The decision won’t reopen other indoor entertainment venues, such as bowling alleys, that were shut along with gyms March 20. The gym rules will prohibit entry from recent travelers to overseas, New York, New Jersey, Conneticut, New Orleans or overseas, along with anyone with compromised immune systems or chronic diseases.
It also keep pools, showers, spas and saunas closed.
Clubhaus Fitness, which operates in Little Rock and Fayetteville, was expected to open but would likely require members to sign up before working out and would shut down machines to make sure members comply with the distancing rules.
“Obviously we have to do less people in each space but we are thankful that we are getting to reopen,” Co-owner and General Manager Rush Cornwall said.
At least 3,255 people in Arkansas have tested positive for the virus as of Thursday, an increase over the 3,207 reported Wednesday, health officials said. The number of infections is likely higher because many people have not been tested and studies suggest people can be infected and not feel sick.
The number of deaths in Arkansas from COVID-19, the disease caused by the virus, has risen from 59 to 61.
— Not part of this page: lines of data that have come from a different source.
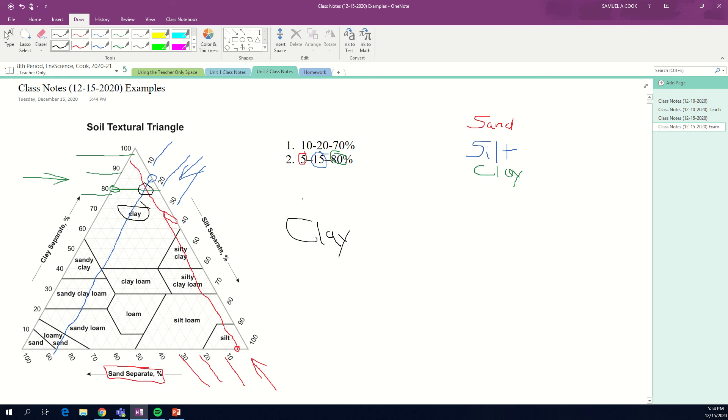Those are two examples that should help you figure out four and five in your notes and also complete that exit ticket. And you're good to go. Email me if you have any questions.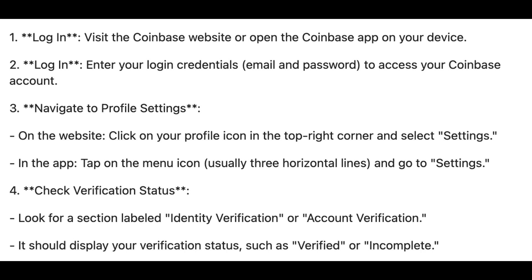Number one, log in to the Coinbase website or open the Coinbase app on your mobile device. Step two, enter your login credentials to access your Coinbase account.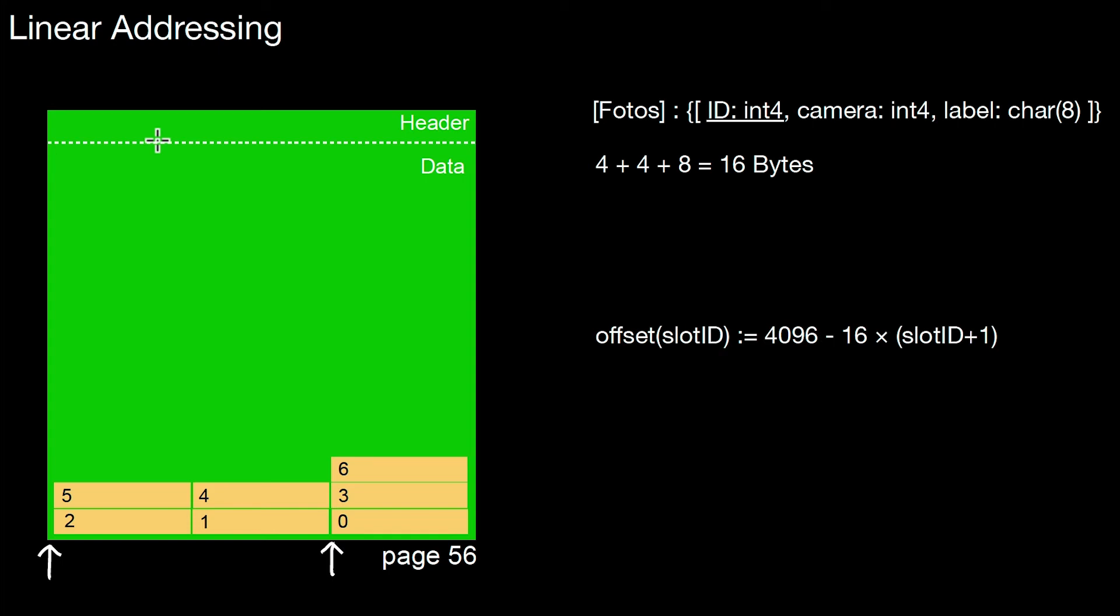And of course, this has the advantage that we can store more data as no space is required to store a directory here. So this works very well if the stuff to store has a fixed size. So all tuples have the same size, 16 bytes, and that's where we can replace the directory by a function.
For most people, the coronavirus causes mild or moderate symptoms, such as fever and cough that clear up in two to three weeks. For some, especially older adults and people with existing health problems, it can cause more severe illness, including pneumonia.
Hutchinson also said the state prematurely put up its website Wednesday for businesses to apply for a $15 million grant program to help businesses comply with new restrictions. Nearly 2,400 businesses submitted requests totaling $38.8 million within an hour before the the state stopped taking applications.
Hutchinson said the site shouldn’t have gone up until lawmakers approved setting aside money from the federal coronavirus relief package for the program and he hoped to have it back up next week. The rollout prompted complaints from lawmakers that businesses weren’t getting a fair shot at the grant funds.
“With limited funds, we want to make sure everyone has access,” said Sen. Bruce Maloch, who co-chairs the legislative panel that would review the request.